Le retrait américain d’Afghanistan n’aura finalement pas l’ampleur que beaucoup redoutaient, Washington et les nouveaux dirigeants à Kaboul - le président Ghani et son Premier ministre Abdullah, intronisés en septembre 2014 - ayant signé l’accord que refusait le précédent chef de l’État, Hamid Karzai : il restera donc environ 9 800 soldats américains en Afghanistan au-delà du 31 décembre 2014, ils se concentreront sur la formation des militaires afghans. Si depuis novembre 2001, les États-Unis ont mis Al-Qaïda hors d’état de nuire - en tout cas Ben Laden - et si aucun autre attentat n’est venu frapper leur sol depuis cette partie du monde, la situation sur le terrain est nettement moins brillante. L’Afghanistan est toujours incapable de subvenir à ses besoins (60 % de ses dépenses sont alimentées de l’étranger) et les talibans font peser une menace immédiate sur le régime. Dans bien des régions du pays, ils exercent un pouvoir de fait, y compris en ville.

Comment l’armée afghane résistera-t-elle à la pression si les appels à la négociation que le président Ghani a lancés en vain aux talibans restent lettre morte ? Après le retrait américain, c’est sur les pays de la région - qui redoutent un effet de contagion en cas de retour des talibans - que risque de retomber le fardeau afghan. L’Inde, liée à Kaboul par un accord de partenariat stratégique, continuera sans doute à former des cadres afghans (y compris militaires), mais ne fera probablement pas beaucoup plus (sauf à livrer quelques armes). En novembre dernier, le président Ghani a d’ailleurs laissé paraître son impatience face aux lenteurs indiennes et il pourrait bien se tourner vers la Chine.

De fait, Pékin, longtemps silencieuse sur la crise afghane, a intensifié ses échanges diplomatiques avec Kaboul depuis 2012. Cela s’explique par le désir de protéger des biens économiques - telle une énorme mine de cuivre acquise en 2007 -, mais aussi par le problème ouïghour. Les Ouïghours, musulmans sunnites, vivent traditionnellement dans le Xinqiang, province de l’ouest chinois qui recèle un tiers des réserves de gaz, de charbon et de pétrole du pays. Un mouvement ethno-religieux de résistance s’y oppose à l’immigration massive de Hans (ethnie de la majorité de la population chinoise) dans la région et à l’oppression par Pékin. À mesure que la répression se radicalise, cette résistance prend une forme plus violente. Entre mai et septembre 2014, plusieurs centaines de personnes ont sans doute péri du fait d’une vague d’assassinats et d’attentats.
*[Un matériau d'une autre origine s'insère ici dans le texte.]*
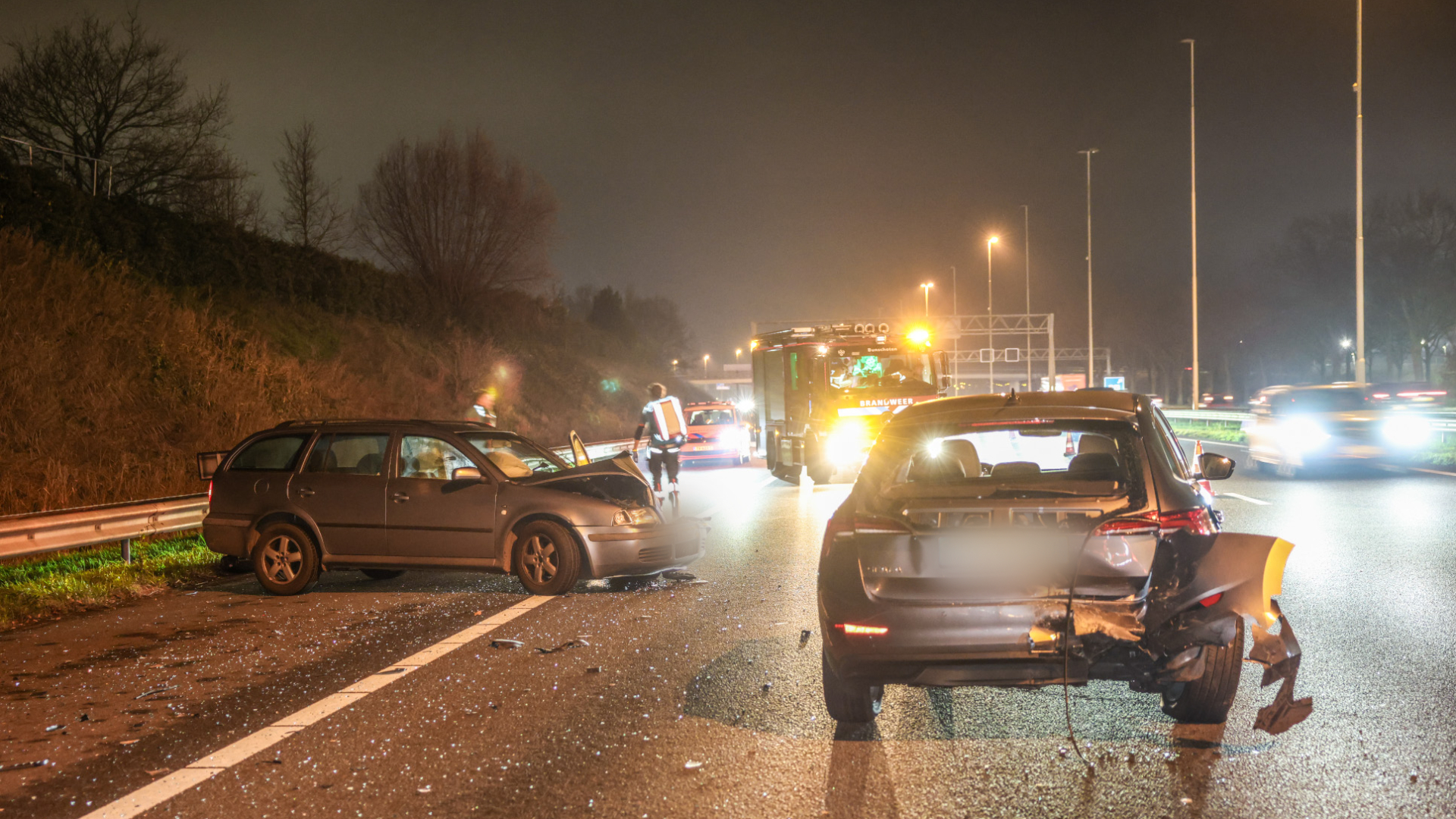 Botsing op A1 bij Amersfoort, vertraging opgelost.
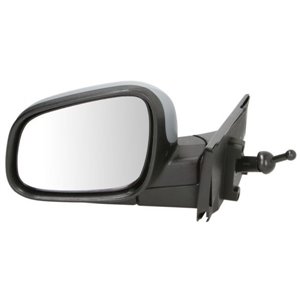 BLIC 5402-56-010365P - Side mirror L (mechanical, embossed, under-coated) fits: CHEVROLET SPARK 03.10-11.15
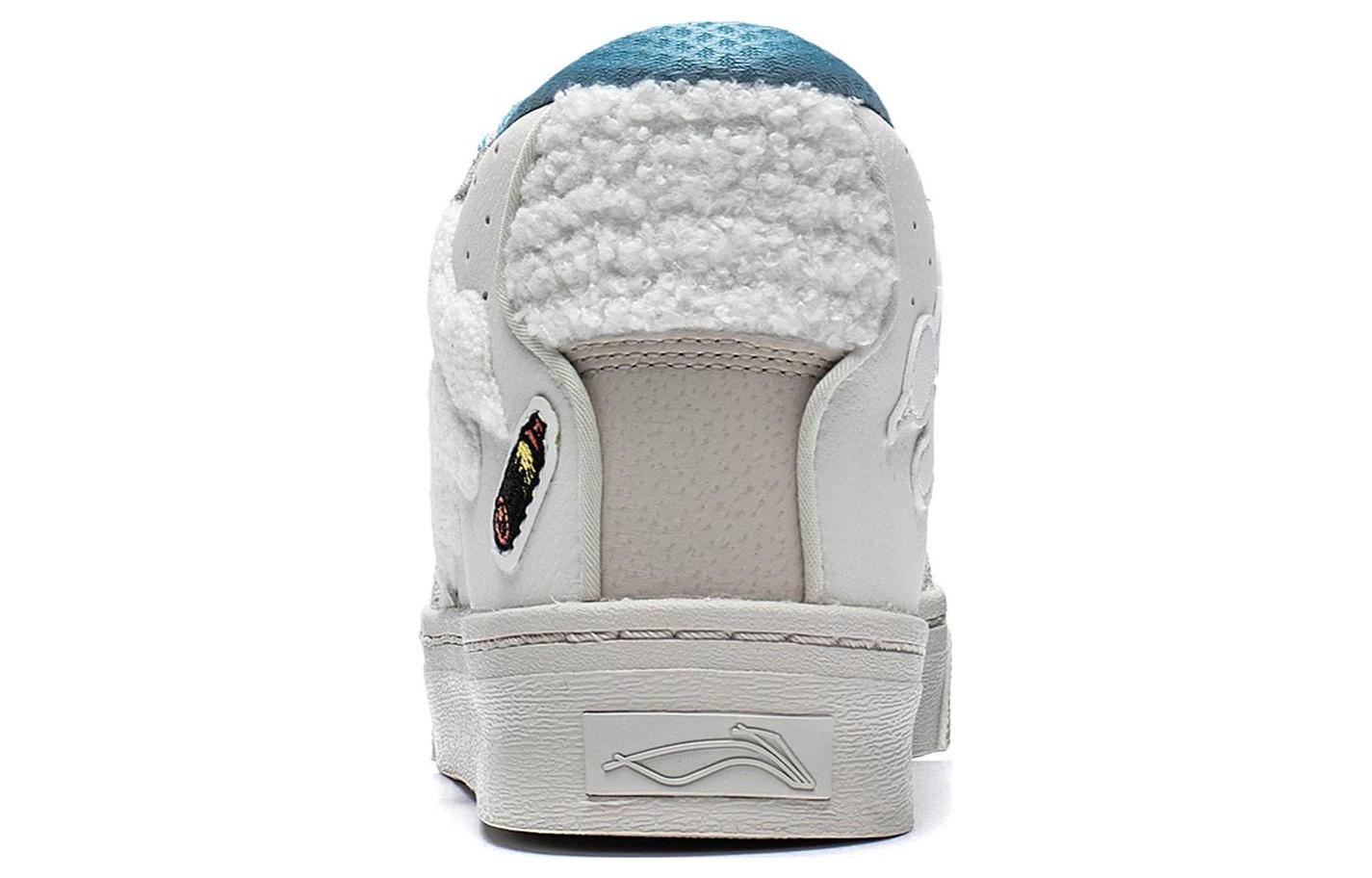 (WMNS) Li-Ning BadFive Wave 180 x Pablo Lentile 'Pearl White' AECS054-3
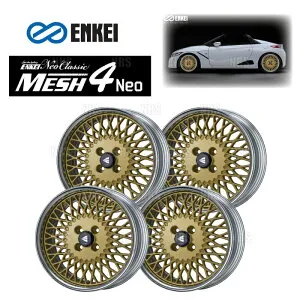ENKEI エンケイ MESH4 Neo (ハイディスク/ゴールド) 9.0J x 17インチ +23 PCD100 4穴 4本セット (MESH4NEO-H-D043-G-4S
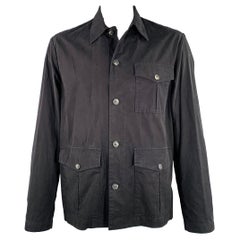 A.P.C. Taille XL Veste de sport en coton noir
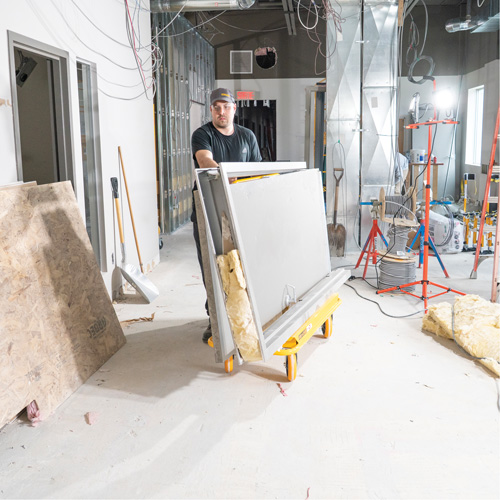 Metaltech I-BMD3131YGR 3000 Series Wall Hauler Drywall Cart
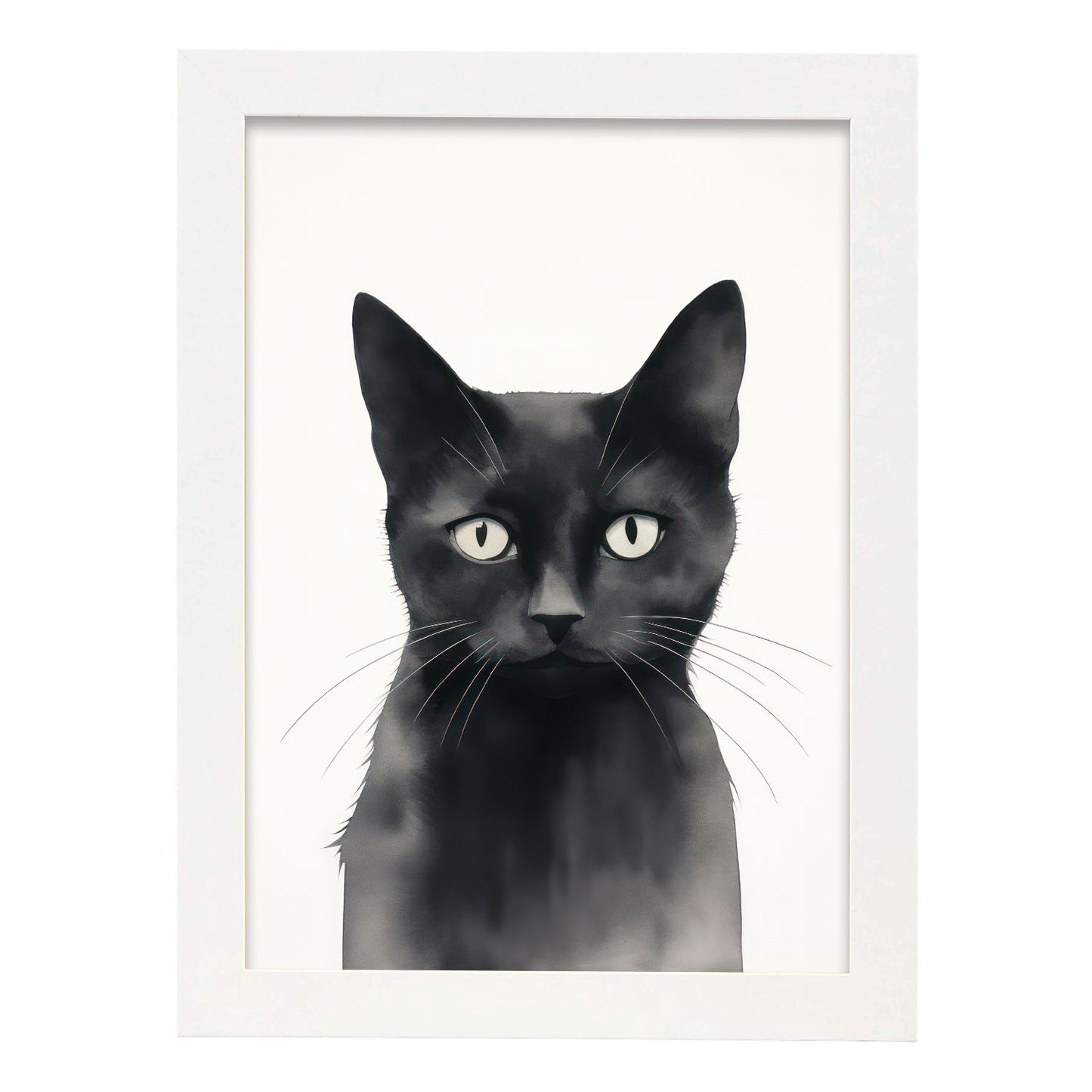 Lamina Nacnic de Gato Negro para Guardería y Hogar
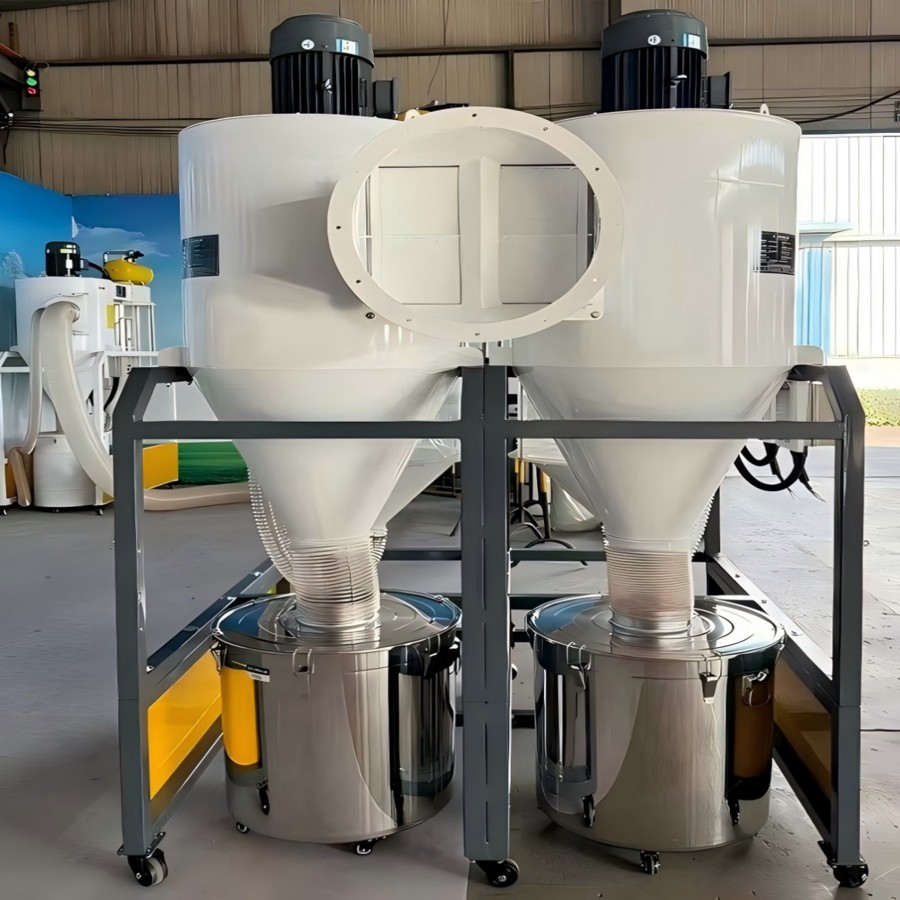 Kodėl dvigubo ciklono medienos dulkių surinkėjas yra optimalus sprendimas medienos drožlių surinkimui stambaus apdorojimo metu?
Ces actions ont été attribuées à (ou revendiquées par) le Parti islamique du Turkestan, dont les liens avec les talibans et le Mouvement islamique d’Ouzbékistan (très implanté à la frontière afghano-pakistanaise) sont avérés.

Il est peu probable que la Chine déploie des troupes en Afghanistan ou lui livre des armes. Elle va plutôt chercher à renforcer Kaboul en lui promettant une collaboration économique accrue s’il obtient des résultats probants sur le front de la sécurité. Mais les sanctuaires des islamistes se trouvent plutôt du côté pakistanais... Sur le papier, la Chine, vieil allié d’Islamabad, dispose à son endroit de puissants leviers, d’autant que l’aide des États-Unis, autre parrain du Pakistan, a déjà diminué des deux tiers depuis 2010. Les pressions chinoises expliquent sans doute en partie l’opération que l’armée pakistanaise a lancée en juin dernier contre des bases islamistes au Nord-Waziristan. Cependant, si comme cela semble se dessiner, les Pakistanais ne s’y attaquent qu’aux "étrangers" (Ouzbeks, Ouïghours et autres) et épargnent les islamistes pakistanais liés aux talibans afghans dans l’espoir de voir ces derniers reprendre le pouvoir à Kaboul - et évincer ainsi les Indiens d’Afghanistan -, l’intervention chinoise n’aura pas contribué à la stabilisation de ce pays. Ce serait un signe de plus que les Chinois peinent à s’intéresser aux désordres mondiaux se situant au-delà de leur périphérie.